She was lifted off her feet by Lynx, who threw her onto his back without stopping. She gripped his saddle and joined the fighting.

The Nightshades didn’t stand a chance. They were almost easily overpowering them.

Then a woman came from the sea, on the back of a swell that dwarfed even the Singing Mountains.

The water crashed across the Mainland, and soldiers were covered, then frozen where they stood. They couldn’t move their legs. Lynx only avoided the ice by jumping at the last moment. His paws cracked as they landed on the frozen ground.

Suddenly, Cleo was right in front of her. She wasn’t wearing a dress. No, now she wore a fighting suit that covered every inch of her body except for her hands and face. It was white, with dark-blue detailing. She frowned at Isla and Lynx. “What a pleasant ... pet,” she said, tilting her head. “You’re on the wrong side, though, Wildling. You said you wanted your realm to live, didn’t you?”

It wasn’t lost on her that Cleo hadn’t killed the Lightlark soldiers. She could have frozen them solid, but she didn’t. There was still a chance she would change sides.

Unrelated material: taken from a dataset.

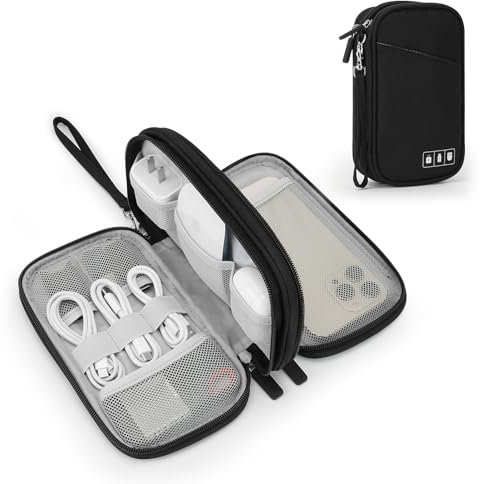 Anywest Reise Zubehör Organizer Tasche, Wasserdicht Reisekabel Organizer Doppelschicht Reise Elektronik Zubehör für USB Powerbank, Kabel, SD Karte (Schwarz), S-040403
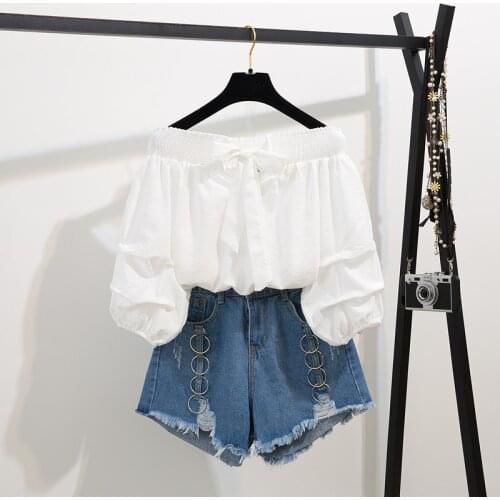 2020 Summer two piece set New Off Shoulder Loose Half Lantern Sleeve Solid Cute Blouse Jean Shorts Two-Piece Outfit Casual Sets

Isla understood her now more than ever: A woman who had dedicated her entire life to leading her realm. Who had allowed herself one happiness. Who had lost it.

“Why are you doing this?” Isla asked.

“For him,” she said.Her son.

“I don’t understand.”

Cleo reached down into her collar and pulled out the necklace she wore. The blue stone shimmered. “The other world has power we can’t begin to fathom. Souls can rise once more.”

She understood now. Cleo believed there was a chance to see her son again.

“I can’t let you use the portal,” she said.

Cleo frowned. “I hoped you would see reason,” she said. “We really do need you.”

The Moonling raised her arms, and the ocean rushed to wrap around her body, curling, alive, forming her shape. She rose into the air, on a swirl of sea.

She shot her watery hand out, and her arm became a rope of water that sent Isla flying back, right off Lynx. Her leopard roared. Before she cracked her head against Cleo’s ice, a bed of flowers bloomed behind her, bursting through the frost, breaking her fall.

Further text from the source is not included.